DATA RECORDS

● ● ● ● ●

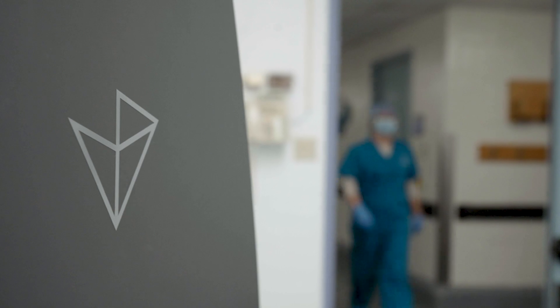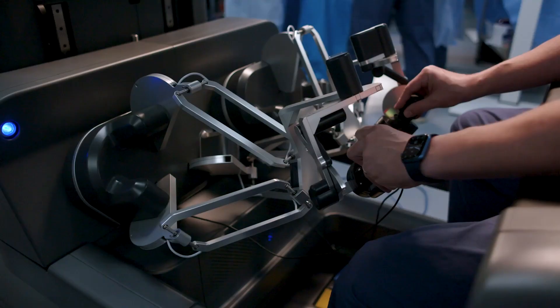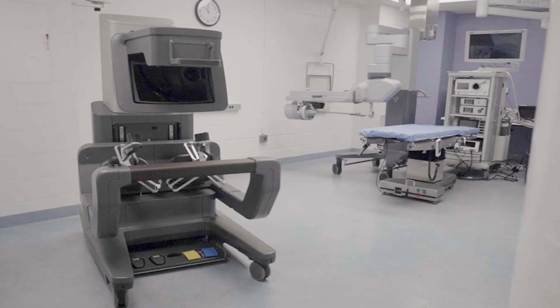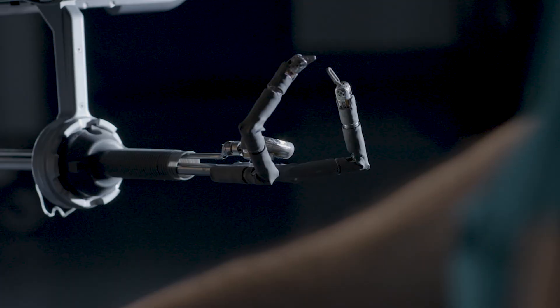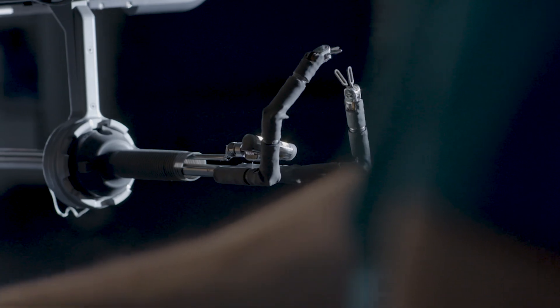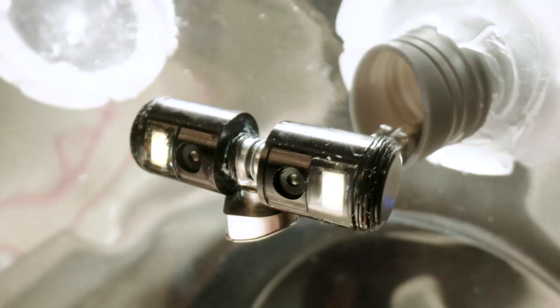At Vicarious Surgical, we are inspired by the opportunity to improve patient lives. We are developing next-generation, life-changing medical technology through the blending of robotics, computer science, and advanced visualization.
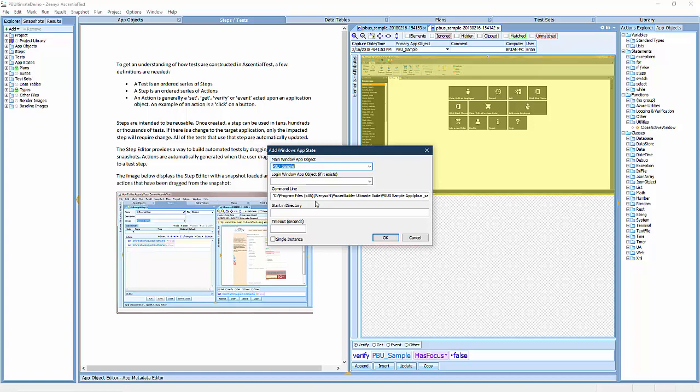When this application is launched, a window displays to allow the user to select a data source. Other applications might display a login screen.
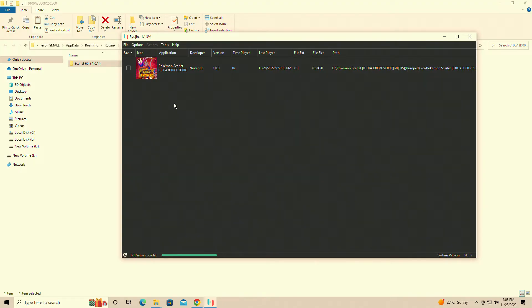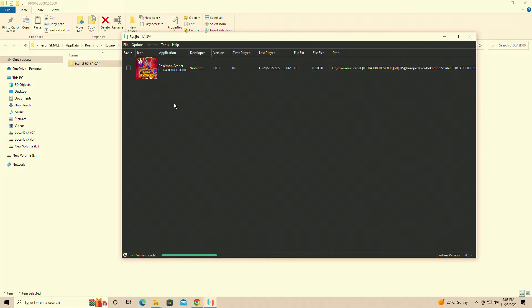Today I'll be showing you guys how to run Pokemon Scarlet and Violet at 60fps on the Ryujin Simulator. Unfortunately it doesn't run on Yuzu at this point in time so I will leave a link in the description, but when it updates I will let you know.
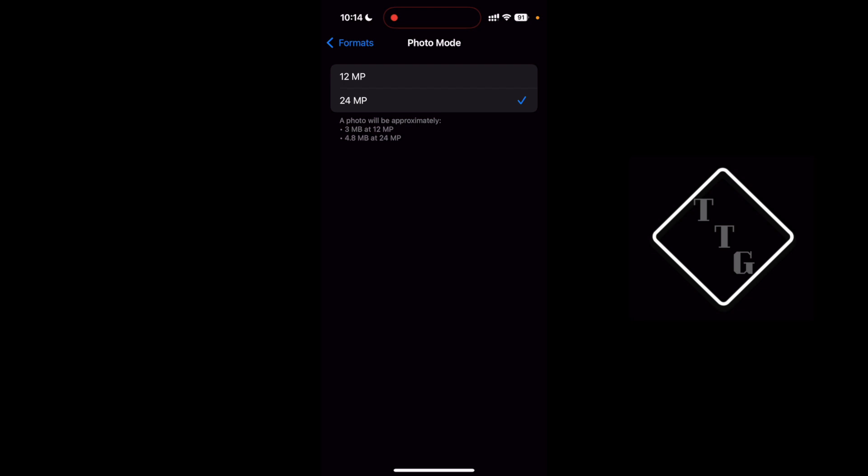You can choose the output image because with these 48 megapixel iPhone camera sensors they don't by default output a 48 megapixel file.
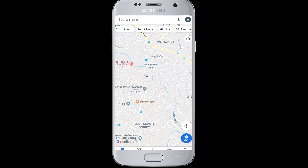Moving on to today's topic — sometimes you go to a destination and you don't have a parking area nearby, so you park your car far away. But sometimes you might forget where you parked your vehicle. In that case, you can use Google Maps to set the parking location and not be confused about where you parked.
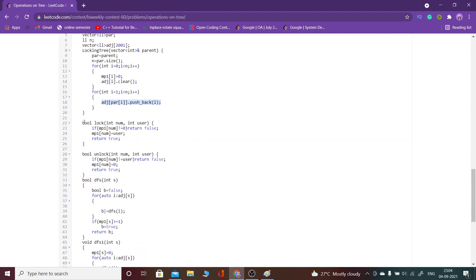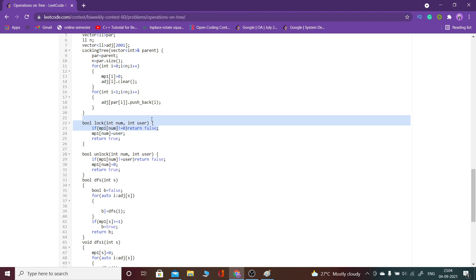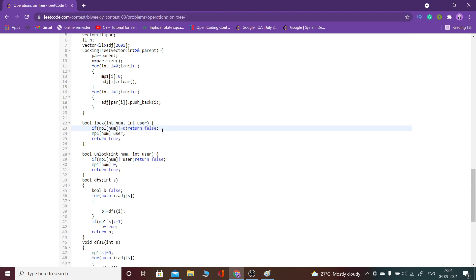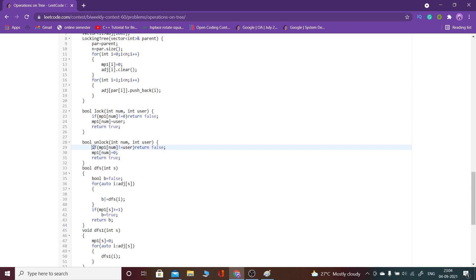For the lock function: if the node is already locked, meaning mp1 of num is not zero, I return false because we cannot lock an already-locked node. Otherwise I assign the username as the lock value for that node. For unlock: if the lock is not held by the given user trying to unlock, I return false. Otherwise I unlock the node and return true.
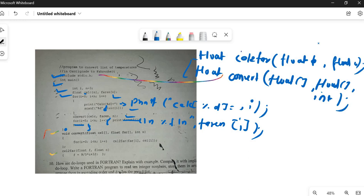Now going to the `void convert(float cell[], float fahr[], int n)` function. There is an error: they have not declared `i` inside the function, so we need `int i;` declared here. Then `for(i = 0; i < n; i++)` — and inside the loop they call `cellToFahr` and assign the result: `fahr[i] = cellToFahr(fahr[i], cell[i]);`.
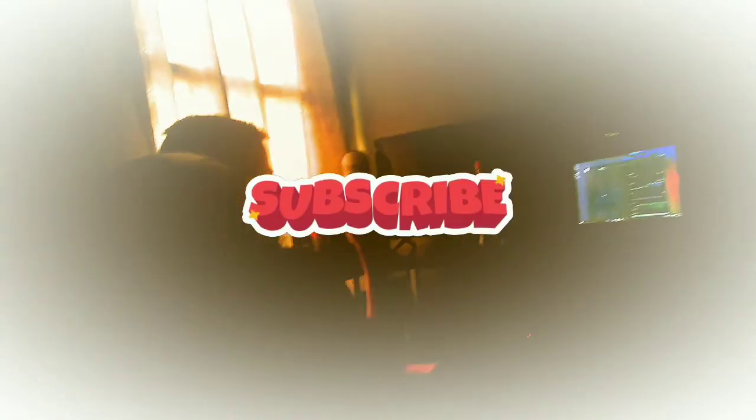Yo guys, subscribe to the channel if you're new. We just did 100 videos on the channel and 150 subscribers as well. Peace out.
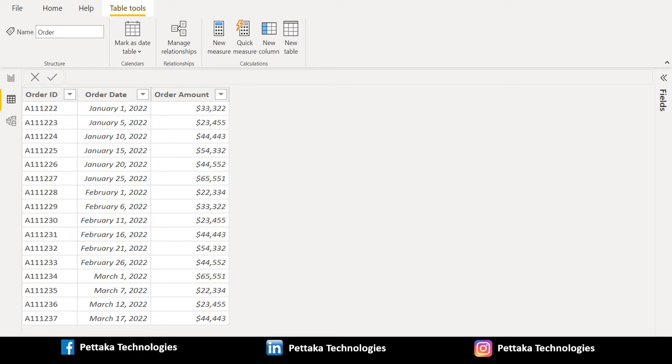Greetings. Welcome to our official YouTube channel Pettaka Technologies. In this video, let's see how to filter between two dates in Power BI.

● ● ● ● ●

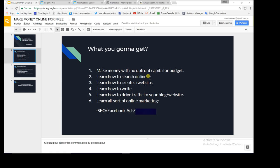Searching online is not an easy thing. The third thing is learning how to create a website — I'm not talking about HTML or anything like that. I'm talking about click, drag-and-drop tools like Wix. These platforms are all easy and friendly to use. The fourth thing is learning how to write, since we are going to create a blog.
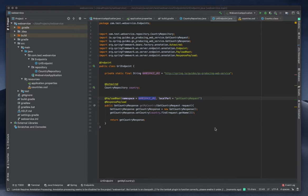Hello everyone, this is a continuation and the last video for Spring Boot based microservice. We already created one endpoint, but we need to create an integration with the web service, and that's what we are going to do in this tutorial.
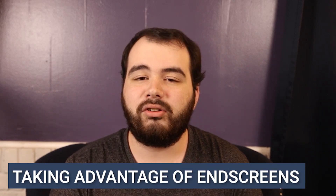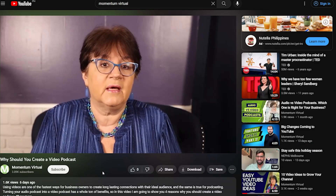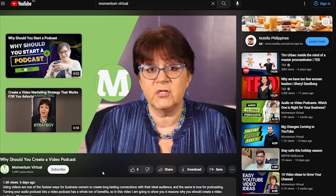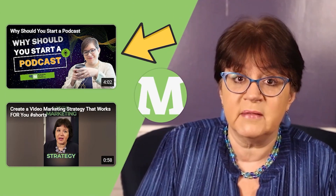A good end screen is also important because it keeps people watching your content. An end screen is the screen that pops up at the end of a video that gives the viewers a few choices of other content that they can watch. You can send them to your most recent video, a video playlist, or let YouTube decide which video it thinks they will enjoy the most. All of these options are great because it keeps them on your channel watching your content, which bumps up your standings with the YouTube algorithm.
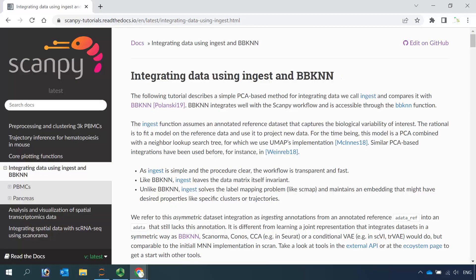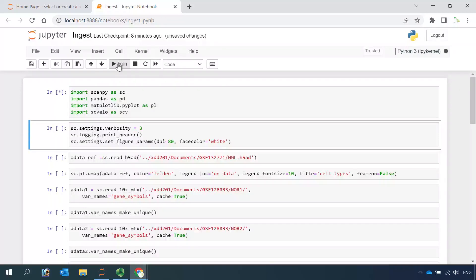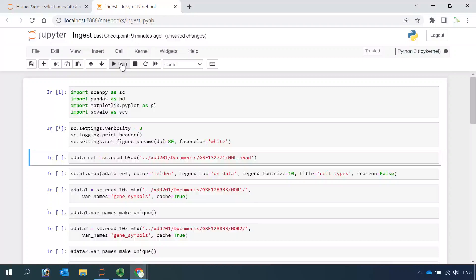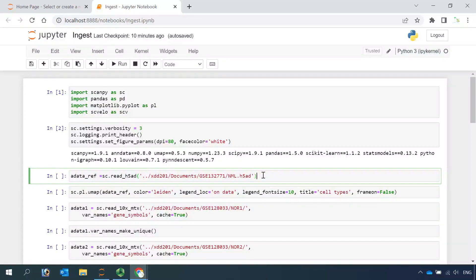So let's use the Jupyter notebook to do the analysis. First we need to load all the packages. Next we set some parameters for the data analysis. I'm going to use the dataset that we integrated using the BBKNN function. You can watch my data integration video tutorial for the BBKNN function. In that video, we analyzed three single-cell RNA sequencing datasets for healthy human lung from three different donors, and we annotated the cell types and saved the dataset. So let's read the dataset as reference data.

● ● ● ● ●

PROBLEM TO WORK ON
Print an exact copy of the lines above, from the one containing "Searching online is" through the one containing "Hello everyone, this", and leave out the pictures.

WRITTEN ANSWER
Searching online is not an easy thing. The third thing is learning how to create a website — I'm not talking about HTML or anything like that. I'm talking about click, drag-and-drop tools like Wix. These platforms are all easy and friendly to use. The fourth thing is learning how to write, since we are going to create a blog.
Hello everyone, this is a continuation and the last video for Spring Boot based microservice. We already created one endpoint, but we need to create an integration with the web service, and that's what we are going to do in this tutorial.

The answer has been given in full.